Records for the task:
------------

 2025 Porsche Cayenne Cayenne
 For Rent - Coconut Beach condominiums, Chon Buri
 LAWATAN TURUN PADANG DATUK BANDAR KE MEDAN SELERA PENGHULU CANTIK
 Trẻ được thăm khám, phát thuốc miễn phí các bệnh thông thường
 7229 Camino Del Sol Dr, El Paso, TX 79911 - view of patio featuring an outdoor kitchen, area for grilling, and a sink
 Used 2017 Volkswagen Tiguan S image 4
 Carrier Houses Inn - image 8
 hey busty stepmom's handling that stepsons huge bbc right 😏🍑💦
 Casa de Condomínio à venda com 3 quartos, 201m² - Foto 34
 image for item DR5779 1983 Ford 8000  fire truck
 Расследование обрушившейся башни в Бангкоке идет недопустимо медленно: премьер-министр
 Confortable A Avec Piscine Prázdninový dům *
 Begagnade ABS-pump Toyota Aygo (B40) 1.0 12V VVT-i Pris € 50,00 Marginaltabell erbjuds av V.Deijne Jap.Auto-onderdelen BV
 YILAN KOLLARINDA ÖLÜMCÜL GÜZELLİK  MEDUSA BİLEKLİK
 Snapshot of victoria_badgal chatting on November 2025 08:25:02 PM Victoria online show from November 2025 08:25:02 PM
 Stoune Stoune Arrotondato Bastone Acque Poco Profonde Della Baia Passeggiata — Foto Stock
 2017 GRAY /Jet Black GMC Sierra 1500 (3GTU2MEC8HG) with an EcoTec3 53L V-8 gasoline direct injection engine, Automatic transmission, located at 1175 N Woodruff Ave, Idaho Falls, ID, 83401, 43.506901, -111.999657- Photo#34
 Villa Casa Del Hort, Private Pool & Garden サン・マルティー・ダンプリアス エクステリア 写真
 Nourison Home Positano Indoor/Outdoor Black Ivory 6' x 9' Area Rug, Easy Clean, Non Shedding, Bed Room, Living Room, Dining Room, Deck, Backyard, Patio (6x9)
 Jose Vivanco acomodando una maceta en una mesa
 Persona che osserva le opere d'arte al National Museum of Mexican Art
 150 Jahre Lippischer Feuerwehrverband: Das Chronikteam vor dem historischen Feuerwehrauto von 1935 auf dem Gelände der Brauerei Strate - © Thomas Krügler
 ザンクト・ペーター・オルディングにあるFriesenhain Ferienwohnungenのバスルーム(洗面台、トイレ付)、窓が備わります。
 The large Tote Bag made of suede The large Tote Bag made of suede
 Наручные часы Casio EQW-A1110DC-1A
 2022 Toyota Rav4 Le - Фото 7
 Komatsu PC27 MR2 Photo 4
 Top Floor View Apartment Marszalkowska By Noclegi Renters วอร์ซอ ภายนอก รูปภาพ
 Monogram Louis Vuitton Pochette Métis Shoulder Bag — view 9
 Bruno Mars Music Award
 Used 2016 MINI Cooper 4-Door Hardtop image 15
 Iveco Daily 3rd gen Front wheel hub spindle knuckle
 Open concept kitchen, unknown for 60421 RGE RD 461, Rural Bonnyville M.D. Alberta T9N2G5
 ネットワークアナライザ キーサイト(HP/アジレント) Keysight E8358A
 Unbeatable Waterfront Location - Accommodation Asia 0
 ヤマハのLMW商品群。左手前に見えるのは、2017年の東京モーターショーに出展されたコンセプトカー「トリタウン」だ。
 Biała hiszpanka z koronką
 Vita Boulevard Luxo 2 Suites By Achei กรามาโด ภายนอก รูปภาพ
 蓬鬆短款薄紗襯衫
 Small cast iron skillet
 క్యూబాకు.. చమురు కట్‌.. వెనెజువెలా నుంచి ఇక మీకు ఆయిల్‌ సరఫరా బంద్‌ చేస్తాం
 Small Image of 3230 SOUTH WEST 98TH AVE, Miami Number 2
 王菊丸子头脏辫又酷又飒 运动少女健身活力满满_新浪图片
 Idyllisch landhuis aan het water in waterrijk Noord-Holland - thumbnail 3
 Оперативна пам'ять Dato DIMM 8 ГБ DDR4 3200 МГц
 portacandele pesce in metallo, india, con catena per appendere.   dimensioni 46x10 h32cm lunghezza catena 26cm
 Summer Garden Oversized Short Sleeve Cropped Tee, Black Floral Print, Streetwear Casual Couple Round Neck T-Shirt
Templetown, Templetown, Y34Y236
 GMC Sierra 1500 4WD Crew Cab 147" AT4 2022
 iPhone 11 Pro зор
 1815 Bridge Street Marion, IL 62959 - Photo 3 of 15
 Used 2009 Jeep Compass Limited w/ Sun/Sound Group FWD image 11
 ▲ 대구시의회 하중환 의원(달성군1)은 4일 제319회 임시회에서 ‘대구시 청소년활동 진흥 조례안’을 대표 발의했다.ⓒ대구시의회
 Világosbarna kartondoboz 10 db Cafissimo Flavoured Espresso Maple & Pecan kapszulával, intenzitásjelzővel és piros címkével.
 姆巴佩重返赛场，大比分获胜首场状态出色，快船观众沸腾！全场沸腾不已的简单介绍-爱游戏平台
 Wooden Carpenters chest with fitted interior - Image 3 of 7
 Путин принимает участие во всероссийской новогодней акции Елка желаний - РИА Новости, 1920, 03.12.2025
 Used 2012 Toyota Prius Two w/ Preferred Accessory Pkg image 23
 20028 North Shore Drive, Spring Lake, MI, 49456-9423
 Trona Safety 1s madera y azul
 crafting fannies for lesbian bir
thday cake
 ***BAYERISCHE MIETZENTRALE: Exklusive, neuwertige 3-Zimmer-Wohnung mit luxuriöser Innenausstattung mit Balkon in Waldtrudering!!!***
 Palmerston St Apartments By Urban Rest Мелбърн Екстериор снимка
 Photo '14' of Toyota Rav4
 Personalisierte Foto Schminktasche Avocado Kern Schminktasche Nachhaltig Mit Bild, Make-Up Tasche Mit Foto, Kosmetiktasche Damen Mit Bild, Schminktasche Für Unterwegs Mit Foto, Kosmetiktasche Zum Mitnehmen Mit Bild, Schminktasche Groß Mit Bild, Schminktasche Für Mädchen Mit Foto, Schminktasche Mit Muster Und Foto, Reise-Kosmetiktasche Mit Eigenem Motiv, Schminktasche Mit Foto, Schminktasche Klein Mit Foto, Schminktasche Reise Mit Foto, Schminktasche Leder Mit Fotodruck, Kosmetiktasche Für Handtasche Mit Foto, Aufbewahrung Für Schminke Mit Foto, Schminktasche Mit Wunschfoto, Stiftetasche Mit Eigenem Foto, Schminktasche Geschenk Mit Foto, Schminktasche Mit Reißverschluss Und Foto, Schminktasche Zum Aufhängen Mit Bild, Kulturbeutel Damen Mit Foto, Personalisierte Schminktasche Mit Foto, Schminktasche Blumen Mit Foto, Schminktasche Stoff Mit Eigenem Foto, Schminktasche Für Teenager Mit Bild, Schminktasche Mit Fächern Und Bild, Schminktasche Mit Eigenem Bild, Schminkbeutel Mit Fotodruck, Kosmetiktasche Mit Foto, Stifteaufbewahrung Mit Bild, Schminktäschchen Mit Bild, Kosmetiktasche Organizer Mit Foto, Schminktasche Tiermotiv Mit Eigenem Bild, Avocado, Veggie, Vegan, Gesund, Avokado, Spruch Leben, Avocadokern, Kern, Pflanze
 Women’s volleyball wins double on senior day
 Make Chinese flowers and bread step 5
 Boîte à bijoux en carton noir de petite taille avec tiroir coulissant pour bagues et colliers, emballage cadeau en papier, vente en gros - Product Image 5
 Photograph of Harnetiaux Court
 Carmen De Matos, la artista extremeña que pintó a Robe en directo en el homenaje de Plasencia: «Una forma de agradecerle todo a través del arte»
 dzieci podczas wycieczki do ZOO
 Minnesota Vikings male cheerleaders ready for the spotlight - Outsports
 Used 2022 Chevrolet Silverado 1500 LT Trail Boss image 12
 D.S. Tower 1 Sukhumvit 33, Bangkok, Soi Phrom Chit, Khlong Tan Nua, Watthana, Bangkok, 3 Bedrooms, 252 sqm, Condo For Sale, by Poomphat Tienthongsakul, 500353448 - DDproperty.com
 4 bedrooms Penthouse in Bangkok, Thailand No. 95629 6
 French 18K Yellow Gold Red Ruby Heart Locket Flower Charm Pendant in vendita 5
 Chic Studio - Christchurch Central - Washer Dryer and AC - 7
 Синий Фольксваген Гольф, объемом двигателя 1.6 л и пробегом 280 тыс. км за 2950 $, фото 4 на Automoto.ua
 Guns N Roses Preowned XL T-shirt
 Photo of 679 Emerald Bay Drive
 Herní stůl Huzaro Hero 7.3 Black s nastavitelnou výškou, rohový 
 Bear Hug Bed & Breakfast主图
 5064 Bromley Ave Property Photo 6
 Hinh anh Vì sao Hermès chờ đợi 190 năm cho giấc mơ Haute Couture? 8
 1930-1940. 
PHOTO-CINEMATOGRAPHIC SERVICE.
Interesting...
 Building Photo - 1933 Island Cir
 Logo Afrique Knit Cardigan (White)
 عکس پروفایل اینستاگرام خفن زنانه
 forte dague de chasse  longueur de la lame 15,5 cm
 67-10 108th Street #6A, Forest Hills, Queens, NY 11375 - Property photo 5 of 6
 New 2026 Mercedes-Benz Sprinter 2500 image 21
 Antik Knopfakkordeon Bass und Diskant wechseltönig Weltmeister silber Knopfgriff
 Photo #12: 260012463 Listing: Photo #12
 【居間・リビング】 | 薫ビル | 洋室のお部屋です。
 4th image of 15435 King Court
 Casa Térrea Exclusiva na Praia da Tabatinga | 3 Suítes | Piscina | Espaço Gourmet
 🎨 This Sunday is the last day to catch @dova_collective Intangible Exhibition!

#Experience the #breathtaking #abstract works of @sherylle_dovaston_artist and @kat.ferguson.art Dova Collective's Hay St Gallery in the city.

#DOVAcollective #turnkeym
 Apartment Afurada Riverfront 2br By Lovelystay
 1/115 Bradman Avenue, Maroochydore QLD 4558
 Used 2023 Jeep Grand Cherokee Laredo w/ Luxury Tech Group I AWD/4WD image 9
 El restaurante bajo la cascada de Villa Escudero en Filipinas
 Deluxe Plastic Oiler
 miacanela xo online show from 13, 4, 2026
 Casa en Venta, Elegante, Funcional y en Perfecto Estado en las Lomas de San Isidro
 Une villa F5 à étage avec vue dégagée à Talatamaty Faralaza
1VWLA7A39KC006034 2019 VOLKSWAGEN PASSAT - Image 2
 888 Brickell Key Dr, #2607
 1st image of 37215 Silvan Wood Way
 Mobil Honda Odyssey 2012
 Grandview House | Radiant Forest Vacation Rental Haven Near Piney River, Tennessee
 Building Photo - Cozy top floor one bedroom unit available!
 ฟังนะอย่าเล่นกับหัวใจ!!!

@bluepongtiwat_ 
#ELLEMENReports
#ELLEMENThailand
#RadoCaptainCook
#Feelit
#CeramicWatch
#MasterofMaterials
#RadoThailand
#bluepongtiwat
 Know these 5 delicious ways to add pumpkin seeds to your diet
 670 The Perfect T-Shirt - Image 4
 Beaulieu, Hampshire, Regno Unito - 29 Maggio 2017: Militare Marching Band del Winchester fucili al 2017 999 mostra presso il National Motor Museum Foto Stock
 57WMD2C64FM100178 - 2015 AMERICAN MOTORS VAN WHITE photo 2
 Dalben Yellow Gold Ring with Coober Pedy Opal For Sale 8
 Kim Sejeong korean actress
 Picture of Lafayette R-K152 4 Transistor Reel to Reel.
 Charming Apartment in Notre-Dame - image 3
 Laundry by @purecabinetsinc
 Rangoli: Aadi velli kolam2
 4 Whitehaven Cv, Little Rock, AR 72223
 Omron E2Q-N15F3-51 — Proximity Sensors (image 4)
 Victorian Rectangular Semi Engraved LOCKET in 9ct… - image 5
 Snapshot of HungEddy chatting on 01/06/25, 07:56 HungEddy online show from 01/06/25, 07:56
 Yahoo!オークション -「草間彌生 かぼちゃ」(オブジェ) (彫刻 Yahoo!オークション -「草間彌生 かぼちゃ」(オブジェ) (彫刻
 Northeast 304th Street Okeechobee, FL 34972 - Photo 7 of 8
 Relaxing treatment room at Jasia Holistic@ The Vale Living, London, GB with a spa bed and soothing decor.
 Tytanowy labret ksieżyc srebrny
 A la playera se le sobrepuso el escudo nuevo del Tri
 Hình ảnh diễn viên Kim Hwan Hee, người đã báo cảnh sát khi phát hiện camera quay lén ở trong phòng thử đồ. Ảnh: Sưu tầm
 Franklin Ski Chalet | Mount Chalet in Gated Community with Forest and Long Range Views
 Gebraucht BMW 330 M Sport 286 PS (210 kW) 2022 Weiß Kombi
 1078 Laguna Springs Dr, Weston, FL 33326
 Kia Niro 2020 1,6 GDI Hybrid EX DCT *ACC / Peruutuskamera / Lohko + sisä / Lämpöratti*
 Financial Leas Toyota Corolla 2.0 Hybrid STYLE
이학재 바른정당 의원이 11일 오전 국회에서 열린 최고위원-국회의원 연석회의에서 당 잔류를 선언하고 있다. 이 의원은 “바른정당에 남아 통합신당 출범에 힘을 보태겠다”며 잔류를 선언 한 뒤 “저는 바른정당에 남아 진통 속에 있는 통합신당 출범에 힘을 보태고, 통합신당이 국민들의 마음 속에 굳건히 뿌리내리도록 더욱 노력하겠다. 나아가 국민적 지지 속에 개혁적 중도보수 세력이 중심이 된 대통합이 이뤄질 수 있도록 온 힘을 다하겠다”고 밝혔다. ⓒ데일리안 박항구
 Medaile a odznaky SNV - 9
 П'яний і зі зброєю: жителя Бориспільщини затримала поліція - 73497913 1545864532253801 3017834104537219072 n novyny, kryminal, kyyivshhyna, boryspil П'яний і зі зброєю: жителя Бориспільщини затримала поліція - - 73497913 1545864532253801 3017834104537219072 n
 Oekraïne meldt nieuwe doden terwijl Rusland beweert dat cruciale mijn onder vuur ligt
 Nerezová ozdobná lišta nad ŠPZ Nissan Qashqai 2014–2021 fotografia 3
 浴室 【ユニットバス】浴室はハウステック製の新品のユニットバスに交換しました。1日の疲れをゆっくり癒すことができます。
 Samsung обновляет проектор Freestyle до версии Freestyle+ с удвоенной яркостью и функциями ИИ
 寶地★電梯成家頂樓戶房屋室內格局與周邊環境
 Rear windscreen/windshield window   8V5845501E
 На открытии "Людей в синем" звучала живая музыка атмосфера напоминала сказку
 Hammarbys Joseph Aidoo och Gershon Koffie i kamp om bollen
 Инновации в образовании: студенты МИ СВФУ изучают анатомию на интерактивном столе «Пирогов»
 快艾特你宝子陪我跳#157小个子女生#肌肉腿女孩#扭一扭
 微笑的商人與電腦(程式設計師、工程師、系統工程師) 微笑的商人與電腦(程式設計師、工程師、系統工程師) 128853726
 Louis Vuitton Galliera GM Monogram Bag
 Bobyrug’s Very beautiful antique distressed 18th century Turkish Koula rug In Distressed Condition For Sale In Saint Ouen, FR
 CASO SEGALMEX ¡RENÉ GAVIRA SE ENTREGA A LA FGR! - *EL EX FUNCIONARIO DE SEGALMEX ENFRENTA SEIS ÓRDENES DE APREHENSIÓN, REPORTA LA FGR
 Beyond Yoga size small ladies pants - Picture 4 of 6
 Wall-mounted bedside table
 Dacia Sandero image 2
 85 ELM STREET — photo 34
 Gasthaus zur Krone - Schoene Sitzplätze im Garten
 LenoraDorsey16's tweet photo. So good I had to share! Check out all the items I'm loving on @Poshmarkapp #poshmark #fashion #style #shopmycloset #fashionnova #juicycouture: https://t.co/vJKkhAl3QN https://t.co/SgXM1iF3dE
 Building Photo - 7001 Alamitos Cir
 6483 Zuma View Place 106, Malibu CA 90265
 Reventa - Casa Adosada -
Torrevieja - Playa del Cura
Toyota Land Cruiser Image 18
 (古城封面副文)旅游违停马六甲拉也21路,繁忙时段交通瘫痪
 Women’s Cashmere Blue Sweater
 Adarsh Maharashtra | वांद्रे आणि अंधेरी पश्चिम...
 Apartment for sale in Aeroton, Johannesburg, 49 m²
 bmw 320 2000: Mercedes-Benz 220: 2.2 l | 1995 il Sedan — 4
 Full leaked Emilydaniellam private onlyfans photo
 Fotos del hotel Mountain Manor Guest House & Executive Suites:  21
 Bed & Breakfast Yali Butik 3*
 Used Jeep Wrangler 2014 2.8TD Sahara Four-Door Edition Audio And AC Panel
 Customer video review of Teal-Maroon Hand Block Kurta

------------

Task prompt: Beginning at the first line of the records, give again each line exactly as written, ending with the line that contains "Stoune Stoune Arrotondato".

Output of the exercise:
 2025 Porsche Cayenne Cayenne
 For Rent - Coconut Beach condominiums, Chon Buri
 LAWATAN TURUN PADANG DATUK BANDAR KE MEDAN SELERA PENGHULU CANTIK
 Trẻ được thăm khám, phát thuốc miễn phí các bệnh thông thường
 7229 Camino Del Sol Dr, El Paso, TX 79911 - view of patio featuring an outdoor kitchen, area for grilling, and a sink
 Used 2017 Volkswagen Tiguan S image 4
 Carrier Houses Inn - image 8
 hey busty stepmom's handling that stepsons huge bbc right 😏🍑💦
 Casa de Condomínio à venda com 3 quartos, 201m² - Foto 34
 image for item DR5779 1983 Ford 8000  fire truck
 Расследование обрушившейся башни в Бангкоке идет недопустимо медленно: премьер-министр
 Confortable A Avec Piscine Prázdninový dům *
 Begagnade ABS-pump Toyota Aygo (B40) 1.0 12V VVT-i Pris € 50,00 Marginaltabell erbjuds av V.Deijne Jap.Auto-onderdelen BV
 YILAN KOLLARINDA ÖLÜMCÜL GÜZELLİK  MEDUSA BİLEKLİK
 Snapshot of victoria_badgal chatting on November 2025 08:25:02 PM Victoria online show from November 2025 08:25:02 PM
 Stoune Stoune Arrotondato Bastone Acque Poco Profonde Della Baia Passeggiata — Foto Stock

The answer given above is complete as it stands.